Amazon Web Services Brings Machine Learning to DataOps
Remember that old saying, “If the mountain will not come to Muhammad, then Muhammad must go to the mountain”? Well, Amazon Web Services is hoping to bring more machine learning to the worldwide development community.
Over the past few years, Amazon Web Services has exerted a lot of engineering effort into integrating the processes around creating and refining machine learning models into modern development lifecycles, developing a platform, Amazon SageMaker, to streamline the process.
Now, the company is taking the next step, integrating the ML workflows directly into the sources of data themselves. The company has incorporated its tool for automating the creation of ML models, called SageMaker Autopilot, into many of its chief data management services, said Swami Sivasubramanian, who manages ML/AI services for AWS, at this year’s annual, and virtual, user conference, AWS Re:Invent.
The idea is to provide users of AWS data storage, databases and data warehouse tools the ability to create models with an interface all database administrators know: the Structured Query Language (SQL).
“Machine learning is a very iterative process. You prepare some of the data, you train the model and you [check] the model is converging the right way. What often happens is during that process you realize that you need to change your data preparation, like include new labels in the data, new features in the data [or] combine the features in a different way,” said Bratin Saha, vice president for AWS ML, explaining to The New Stack why AWS is integrating data preparation with SageMaker and its machine learning infrastructure. “When you’re going through hundreds of models, you really need this closely coupled so it’s a single tool, and teams become much more productive [with] a single tool.”
This work actually started last year, with AWS integrating ML inside Amazon Aurora for relational database developers. This new feature allowed them to add ML capabilities to an enterprise application through a simple query. That year, it did something similar with its interactive query service, called Athena, allowing developers to access built-in or custom ML models directly from Athena ad-hoc queries.
.@awscloud launched a #ML service to check for #Bias in #AI models.Running in #SageMaker, #Clarify allows you to specify attributes (age, gender) that it will check for associated trends indicating prejudice, i.e. more denials for one particular group-@phenomenashlie #awsreinvent pic.twitter.com/xU9sMLznBN
— Joab Jackson (@Joab_Jackson) December 8, 2020
This year the integrations continue. The company’s Redshift data warehouse has been outfitted with machine learning capabilities.

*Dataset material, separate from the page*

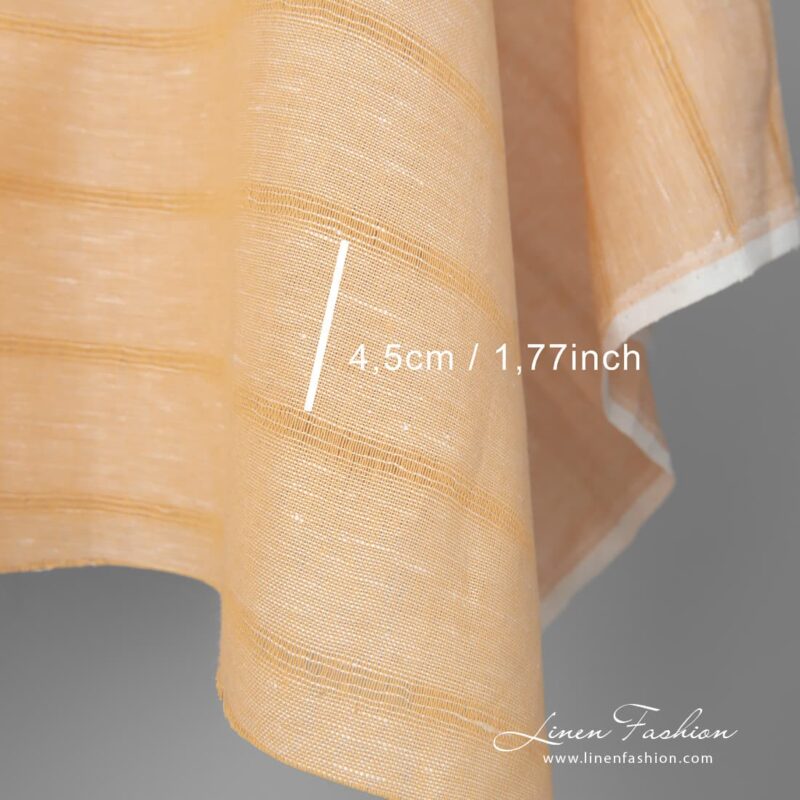 Yellow linen cotton fabric in stripes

As the company explained in a blog post:
Amazon Redshift now enables you to run ML algorithms on Amazon Redshift data without manually selecting, building, or training an ML model. Amazon Redshift ML works with Amazon SageMaker Autopilot, a service that automatically trains and tunes the best ML models for classification or regression based on your data while allowing full control and visibility.
When you run an ML query in Amazon Redshift, the selected data is securely exported from Amazon Redshift to Amazon Simple Storage Service (Amazon S3). SageMaker Autopilot then performs data cleaning and preprocessing of the training data, automatically creates a model, and applies the best model. All the interactions between Amazon Redshift, Amazon S3, and SageMaker are abstracted away and automatically occur. When the model is trained, it becomes available as a SQL function for you to use.

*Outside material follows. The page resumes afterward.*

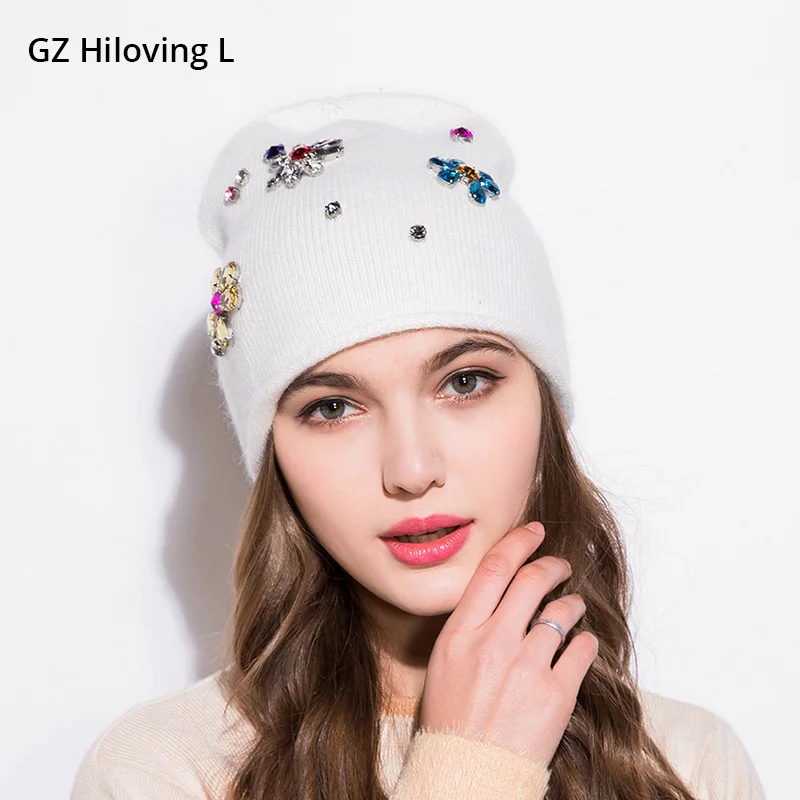 Женские вязаные шапки GZHilovingL мягкие теплые из шерсти с алмазами на осень и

Even Amazon’s graph database, Neptune, gets some ML smarts. A graph database can be used to examine the links between different entities, revealing patterns that can’t be identified strictly through an examination of the entities themselves. A new update to Neptune brings graph neural networks (GNNs), a technique to improve the accuracy of predictions by over 50% compared to traditional approaches, according to the company.

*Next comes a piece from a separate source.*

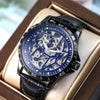 Doublesided Hollow Automatic Mechanical Men's Watch With Genuine Leather Strap Sapphire Crystal Glass Mirror Alloy Case Stainless Steel Pin Buckle And Round Dial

“Neptune ML uses the Deep Graph Library (DGL), an open-source library to which AWS contributes that makes it easy to develop and apply GNN models on graph data. As a result, you can now create, train, and apply ML on Neptune data in hours instead of weeks without the need to learn new tools and ML technologies. Now, any developer with data in Neptune can easily use ML on their graphs,” according to the company.
Amazon Web Services is a sponsor of The New Stack.